Hybrid institutions and resource governance
One of the few uses of the term hybrid institutions in academic literature which relates explicitly to governance is German & Keeler’s discussion of hybridising governance of property regimes. Ostrom’s theory of common pool resource management highlights the value of community-created institutions in the governing of a common resource (communication, rule-making, sanctions, conflict resolution etc.). German & Keeler’s proposal is to extrapolate these successful principles and apply them across “diverse property regimes”, for state-owned, private and communal resources, creating hybrid institutions that combine usually distinct governance regimes.
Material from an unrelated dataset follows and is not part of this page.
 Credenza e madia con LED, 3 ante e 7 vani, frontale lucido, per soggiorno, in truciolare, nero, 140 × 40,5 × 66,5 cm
The proposal is that the
combining technical and enforcement capacity of the state, the legal certainty of ownership, and the successful principles of self-organisation may help govern responses where property regimes are contentious or overlap, or where issues exist that do not respect discrete regimes of resource tenure (for example pests, weeds, or watercourse pollution).
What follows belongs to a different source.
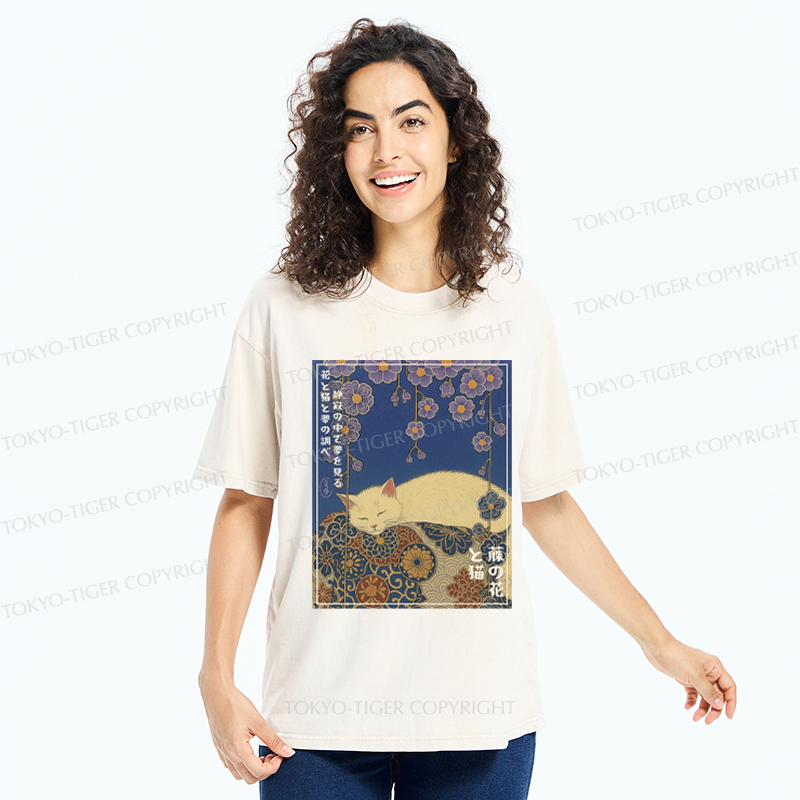 Tokyo-Tiger Ukiyoe Wisteria Flowers and Cats Washed T-Shirt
This proposal argues for hybridity not between two sectors or organisations, but between previously distinct institutional configurations associated with separate modes of governance:

"[T]he functioning of [these] hybrid institutions depends upon the creative combination of autonomous (market), self-organising (contractual) and state regulatory (hierarchical) approaches to governance”  (emphasis added)

A hybrid future
As outlined previously, hybrid institutions are becoming more prominent amid moves away from traditional government towards modes of governance more appropriate for complex issues. For instance, a great deal of political faith is being placed on hybrid institutions for tackling climate change in the form of carbon markets. Carbon markets are very much hybrid institutions in that they rely on governments to set the “rules for participation”, such as setting the cap or baseline, monitoring, verification and, as seen in the recently announced Australian carbon tax, setting a minimum price for carbon. Only once carbon markets have been “crafted”  by political decisions does the market aspect enter into play. The complexity and hybridity of the institutional set-up of carbon markers will be further increased if proposals to link carbon markets from different regions of the world come to fruition.
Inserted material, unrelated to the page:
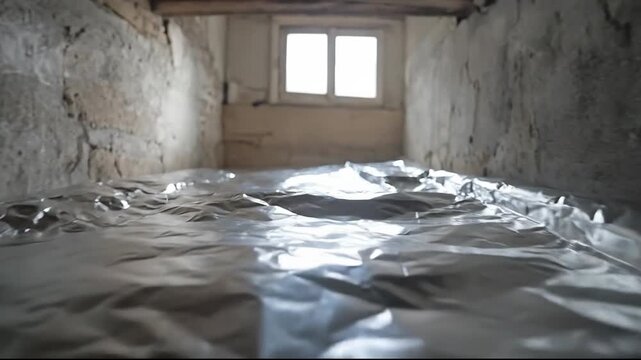 A reflective foil layer in a dim basement with soft natural light.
Another proposal concerns the creation of a new, hybrid institution to better manage the overlaps between the UN Climate Regime and the World Trade Organization in areas such as border taxes on environmentally damaging goods, transfer of clean technologies, and trade liberalisation; institutionalising joint consideration of climate change and development. Currently these issues are addressed by the World Trade Organization's Committee on Trade and Environment, however there are questions as to whether this is sufficient. Even the Intergovernmental Panel on Climate Change, which avoids prescriptive policy advice, has questioned whether the Committee on Trade and Environment is “an appropriate forum” for such discussions.

Hybrid institutions then, have the potential to “bring together expertise, [...] and broaden dialogues to overcome negotiation deadlocks”. Legitimacy and accountability of these relatively novel arrangements rests upon establishing the right degree of institutionalisation and balanced hybridity, both of which vary within different contexts.